## [EXERCISE DETAILS]
Since only part of the material is needed, please repeat exactly the line that includes "2025 Lexus RX 450h+ Luxury" and every line after it, up to the last.

━━━━

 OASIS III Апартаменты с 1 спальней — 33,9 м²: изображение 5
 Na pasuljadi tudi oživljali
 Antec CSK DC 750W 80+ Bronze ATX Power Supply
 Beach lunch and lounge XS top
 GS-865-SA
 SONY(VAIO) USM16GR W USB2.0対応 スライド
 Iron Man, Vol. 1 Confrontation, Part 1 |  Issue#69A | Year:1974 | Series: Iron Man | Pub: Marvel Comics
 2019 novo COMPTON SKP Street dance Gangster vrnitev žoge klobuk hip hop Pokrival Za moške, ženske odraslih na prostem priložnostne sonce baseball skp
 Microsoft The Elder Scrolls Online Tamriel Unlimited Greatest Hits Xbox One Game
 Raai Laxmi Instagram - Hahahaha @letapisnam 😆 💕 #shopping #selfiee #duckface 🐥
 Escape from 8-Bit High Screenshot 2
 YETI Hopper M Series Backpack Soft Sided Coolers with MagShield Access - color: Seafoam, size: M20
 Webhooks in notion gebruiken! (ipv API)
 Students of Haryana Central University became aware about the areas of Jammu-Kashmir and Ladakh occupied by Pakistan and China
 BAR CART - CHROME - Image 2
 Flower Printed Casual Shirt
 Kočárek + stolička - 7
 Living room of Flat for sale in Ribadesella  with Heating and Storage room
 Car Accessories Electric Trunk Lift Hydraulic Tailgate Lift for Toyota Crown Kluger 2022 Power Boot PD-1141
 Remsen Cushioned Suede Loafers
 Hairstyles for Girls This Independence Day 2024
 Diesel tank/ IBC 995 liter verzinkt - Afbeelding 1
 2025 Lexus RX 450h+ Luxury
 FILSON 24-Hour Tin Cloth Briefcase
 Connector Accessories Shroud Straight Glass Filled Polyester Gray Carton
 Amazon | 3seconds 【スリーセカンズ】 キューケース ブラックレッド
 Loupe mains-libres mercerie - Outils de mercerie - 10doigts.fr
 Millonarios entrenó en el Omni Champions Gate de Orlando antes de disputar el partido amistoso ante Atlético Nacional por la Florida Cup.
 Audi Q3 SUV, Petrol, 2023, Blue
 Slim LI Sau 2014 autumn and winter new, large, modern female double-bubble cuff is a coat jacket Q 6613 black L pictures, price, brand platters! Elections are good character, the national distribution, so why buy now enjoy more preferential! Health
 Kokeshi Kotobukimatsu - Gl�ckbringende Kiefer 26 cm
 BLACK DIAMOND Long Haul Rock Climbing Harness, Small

━━━━

## [YOUR RESPONSE]
 2025 Lexus RX 450h+ Luxury
 FILSON 24-Hour Tin Cloth Briefcase
 Connector Accessories Shroud Straight Glass Filled Polyester Gray Carton
 Amazon | 3seconds 【スリーセカンズ】 キューケース ブラックレッド
 Loupe mains-libres mercerie - Outils de mercerie - 10doigts.fr
 Millonarios entrenó en el Omni Champions Gate de Orlando antes de disputar el partido amistoso ante Atlético Nacional por la Florida Cup.
 Audi Q3 SUV, Petrol, 2023, Blue
 Slim LI Sau 2014 autumn and winter new, large, modern female double-bubble cuff is a coat jacket Q 6613 black L pictures, price, brand platters! Elections are good character, the national distribution, so why buy now enjoy more preferential! Health
 Kokeshi Kotobukimatsu - Gl�ckbringende Kiefer 26 cm
 BLACK DIAMOND Long Haul Rock Climbing Harness, Small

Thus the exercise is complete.